The American people deserve to know the names of every person who participated in Jeffrey Epstein’s human trafficking ring.
We need to see his flight logs. I’ve asked the Senate Judiciary Committee to authorize a subpoena to his estate so we can review these documents.
— Sen. Marsha Blackburn (@MarshaBlackburn) November 9, 2023
Epstein, the infamous financier and registered sex offender who was convicted in 2007 of soliciting prostitution from a minor and later charged with trafficking underage girls, owned two private islands in the U.S. Virgin Islands territory.
He was known to have traveled on his private jets, nicknamed the Lolita Express by the media, with many high-profile individuals. Suspicion has raged for years about the extent of his alleged sex-trafficking scheme and the level of involvement among celebrities, political leaders, and others.
In August 2019, Epstein was found dead in his prison cell at New York’s Metropolitan Correctional Center (MCC) just weeks after being arrested and charged with sex trafficking. His death was ruled a suicide, but the high-profile nature of his connections and the suspicious circumstances surrounding his death — including the malfunctioning of two security cameras and the failure of security guards to perform required checks — have sparked theories that he was murdered in a bid to prevent him from implicating prominent elites with whom he was connected.

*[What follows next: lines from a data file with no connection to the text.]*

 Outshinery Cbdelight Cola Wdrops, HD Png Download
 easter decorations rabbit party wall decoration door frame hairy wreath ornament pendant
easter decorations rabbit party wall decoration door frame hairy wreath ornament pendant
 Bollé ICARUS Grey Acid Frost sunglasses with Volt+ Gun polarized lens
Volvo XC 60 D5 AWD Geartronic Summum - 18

Potential evidence against his murder, however, includes the fact that he signed a new will and that he socked away his roughly $577 million estate into a trust two days before he died, Reuters noted.
WATCH: Bill Clinton laughs off question about ties to sex trafficker Jeffrey Epstein
Blackburn isn’t the first to file a subpoena in an attempt to gain access to Epstein’s flight logs, and hundreds of flight records have already been released in prior litigation.

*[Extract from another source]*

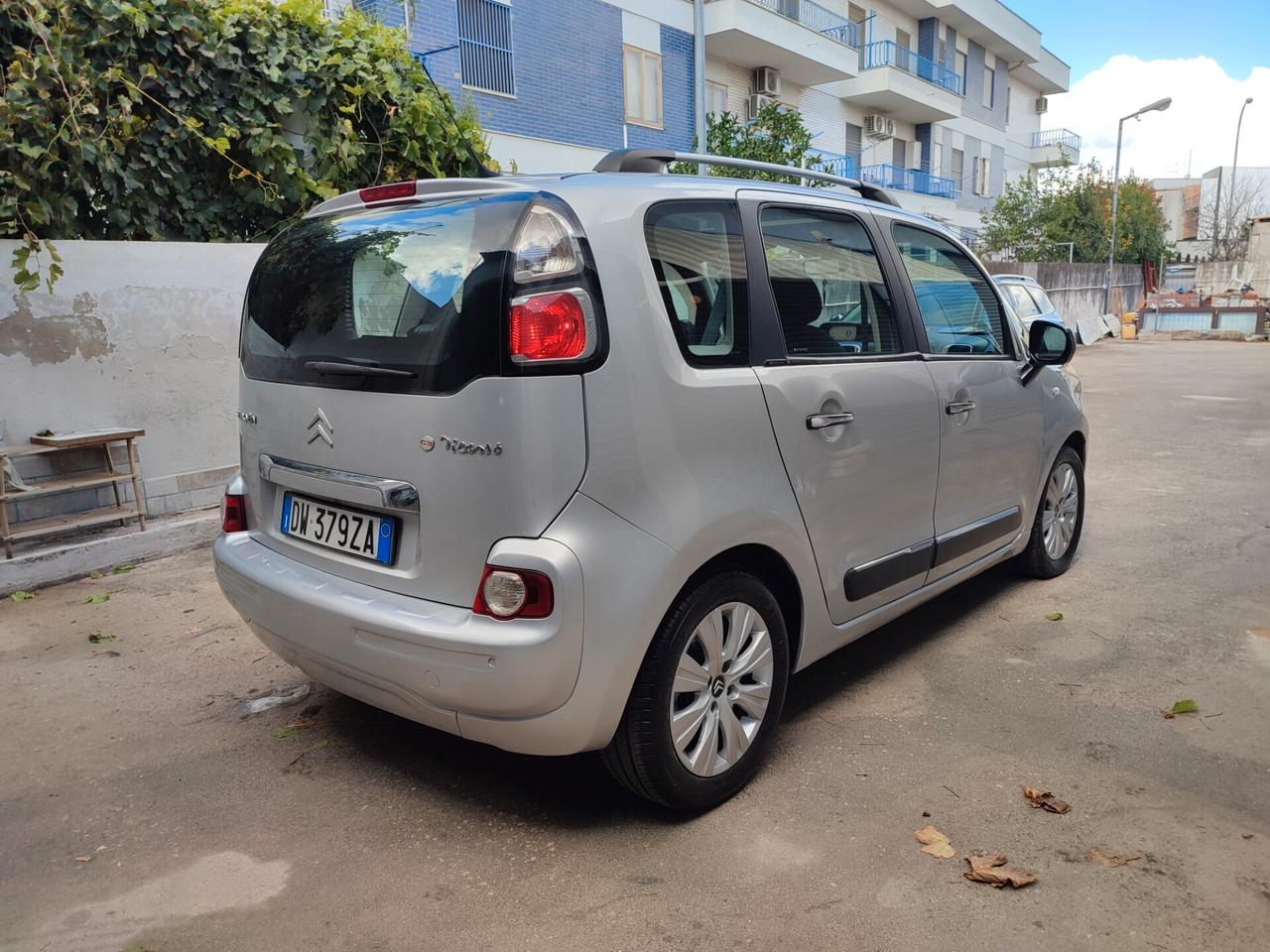 Citroen C3 Picasso 1.6 HDi 110 airdream Exclusive Style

High-profile individuals known to have flown on Epstein’s private plane (but not to the accused sex-trafficker’s private island) include former U.S. presidents Bill Clinton and Donald Trump, Prince Andrew, and climate activist Bill Gates, according to released records.
In September 2020, a little over a year after Epstein’s death, U.S. Virgin Islands Attorney General Denise George filed a subpoena demanding flight logs for Epstein’s “four helicopters and three planes, from 1998 to his” 2019 death, the Mirror reported at the time.

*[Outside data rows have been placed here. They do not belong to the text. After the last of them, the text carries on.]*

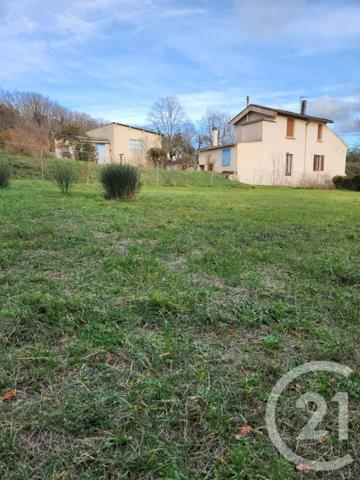 Terrain à vendre  668 m2 CASTRES - 81
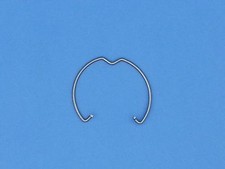 Haltering für Einbaustrahler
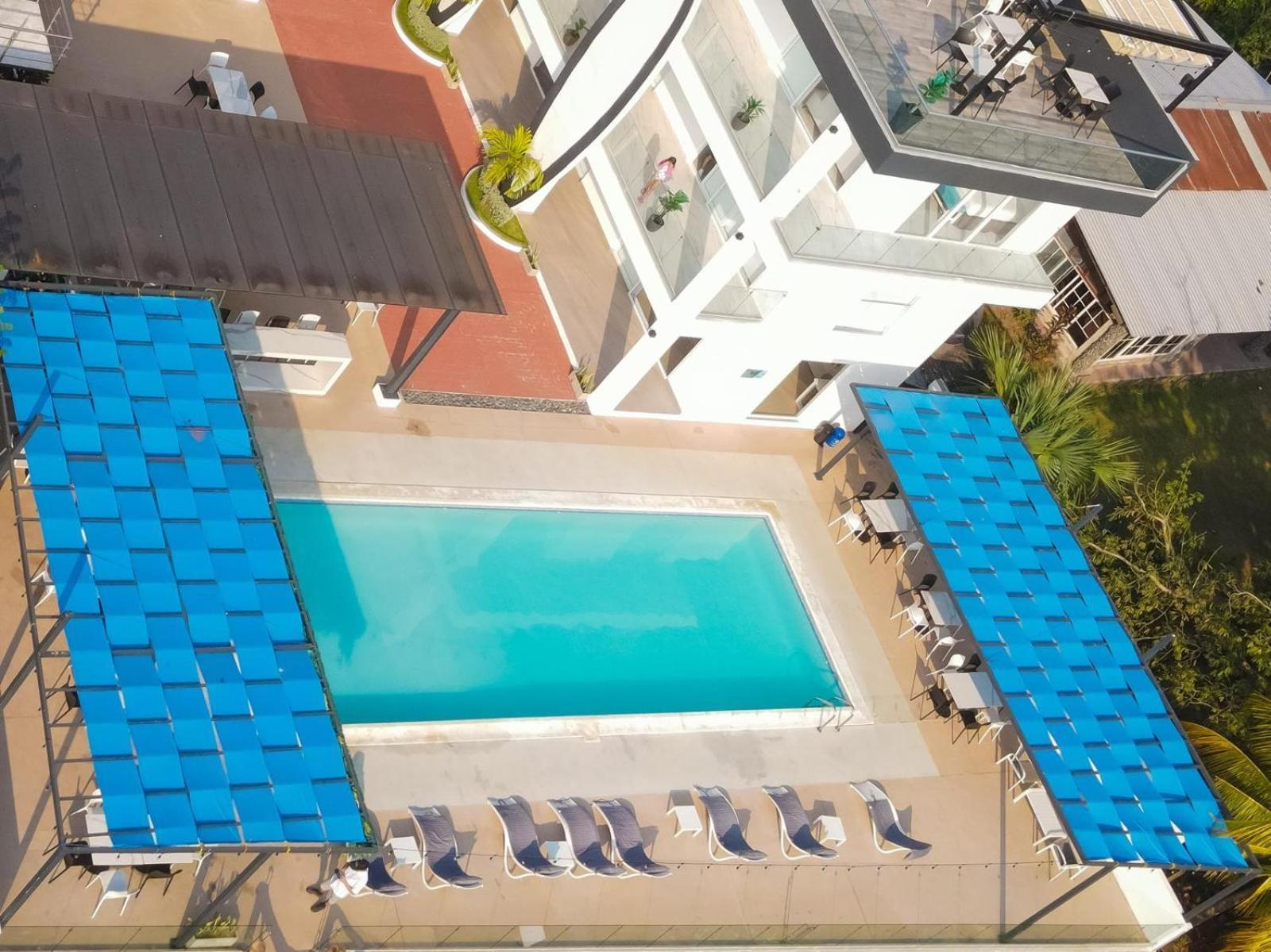 The Views Resort El Zonte Extérieur photo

The subpoena was connected to a lawsuit filed by George “alleging 22 counts, including aggravated rape, child abuse and neglect, human trafficking, forced labour and prostitution,” according to the Mirror.
George went on to score a $105 million lawsuit against the Epstein estate in November 2022, and in December filed a $190 million suit against JPMorgan Chase for allegedly violating the Trafficking Victims Protection Act by banking with Epstein, according to local Virgin Islands outlet The St. Thomas Source.
READ: Donald Trump talks assassination, Epstein and indictments in interview with Tucker Carlson
Just days later, the outlet noted, George was fired by Virgin Islands Gov. Albert Bryan Jr.
In comments to Fox News, a spokesman for Bryan acknowledged that the “governor relieved Denise George of her duties as attorney general,” but said that “media reports indicating the JP Morgan lawsuit as the reason are not entirely accurate.”
Epstein’s accomplice, U.K.-born socialite Ghislaine Maxwell, was convicted in December 2021 on charges of sex trafficking, transporting a minor to participate in illegal sex acts and two charges of conspiracy. She was sentenced to 20 years in prison last year.